Maybe I should get a van with a grinder in it, then I can grind to order at a customers door.

Or, maybe, now this is a crazy idea, mind, in the future we can actually have customers grind at their own premises, on their own?!


----------



## Olliehulla (Feb 26, 2013)

I think you need a re-think, the majority of coffee enthusiasts prefer whole beans. As coffee lovers you would already know that ....wouldn't you ?
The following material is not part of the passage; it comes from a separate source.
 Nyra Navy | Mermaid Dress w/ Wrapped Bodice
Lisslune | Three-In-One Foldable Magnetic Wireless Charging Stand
"Guaranteed to be the freshest coffee you have ever tasted"..... errrrrr, nah.

Pricing is uncompetitive.


----------



## garydyke1 (Mar 9, 2011)

..and what coffee exactly is being sent out?


----------



## mike 100 (Jul 15, 2010)

So to sum it up it's £8.00 all but a penny for a bag of unknown coffee, ground for an unstated brewing method (espresso or drip? for example) So why should I buy from you rather than a supermarket, and please don't say because it's fresh because it's not.


----------



## Mrboots2u (May 10, 2013)

Well I think we have collectively urinated on his new scheme from a great height ..


----------



## Kyle548 (Jan 24, 2013)

Mrboots2u said:


> Well I think we have collectively urinated on his new scheme from a great height ..


I was just reading Amazon reviews: http://www.amazon.co.uk/product-reviews/B004ZD4AC2/ref=cm_cr_dp_see_all_btm?ie=UTF8&showViewpoints=1&sortBy=bySubmissionDateDescending

Given the overall rating, I'm sure even our new friend will manage to turn a profit.


----------



## mbgm8ndb (Aug 1, 2013)

Hi drei01,

Web site looks good and as a coffee lover the more competition for fresh lovely coffee there is in the UK the better.
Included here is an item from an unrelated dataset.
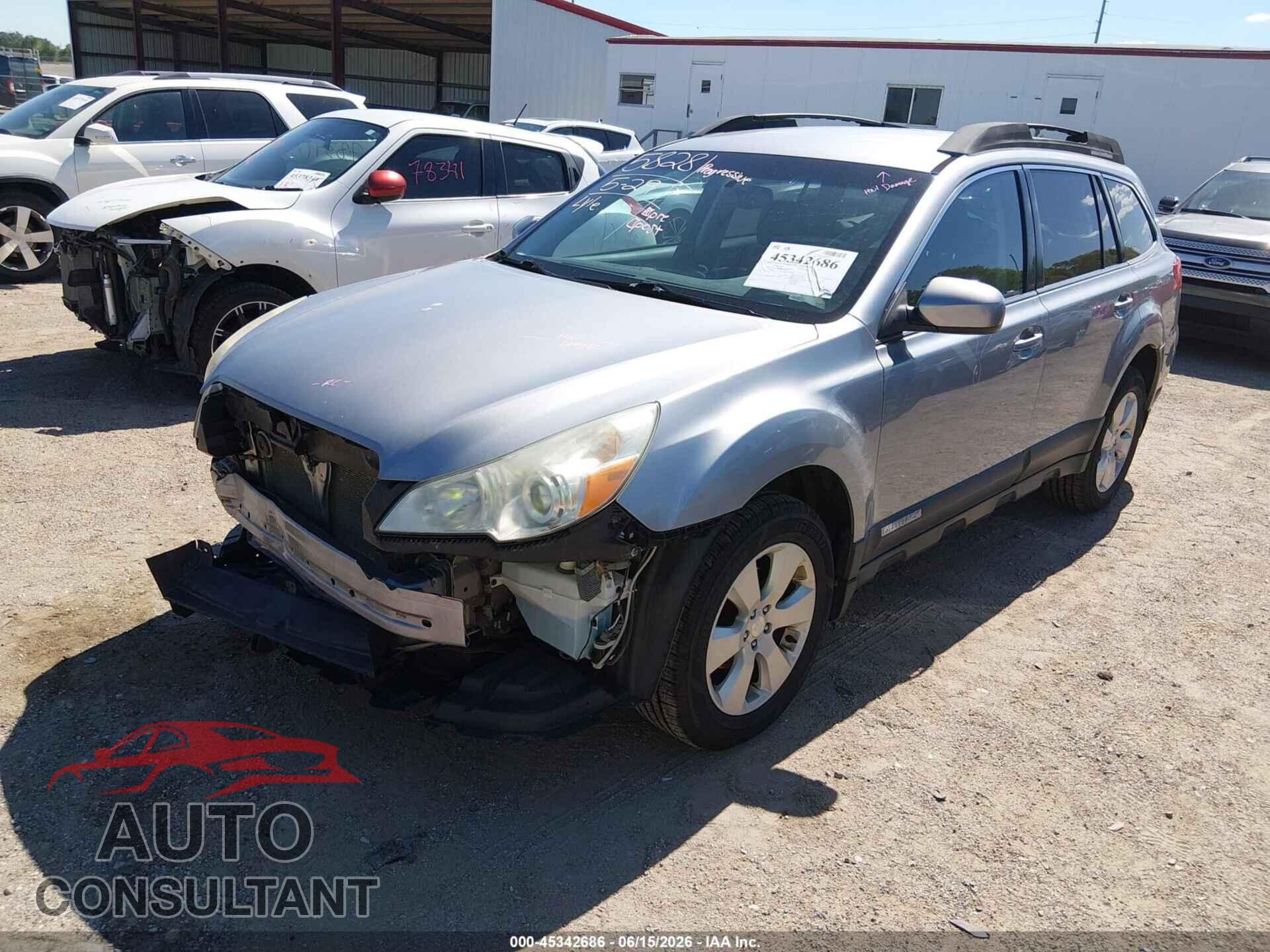 SUBARU OUTBACK 2011 - 4S4BRCCC7B3404321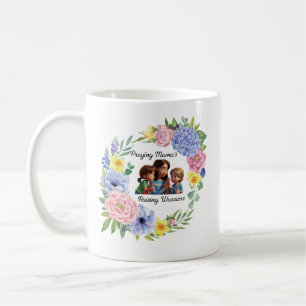 Bidden mama Christelijk Moederdag floral Koffiemok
Your price seems ok, same as I would pay from other roasters.

Postage seems ok, but expensive for a single bag. Low cost postage will make me use a site again.

I would like to see beans only, I like to grind my own, perhaps at a lower cost then ground?.

I would also like to see some specifics of the coffee you are selling, where are the beans from, what % of each bean in is your blend, how it was roasted etc. I was not able to easily find this from your site.

You could also offer a discount to CoffeeForum members, that would get you some friends!!


----------



## mbgm8ndb (Aug 1, 2013)

Just another point... I cant see your contact details on the site. Phone number, address, even an email.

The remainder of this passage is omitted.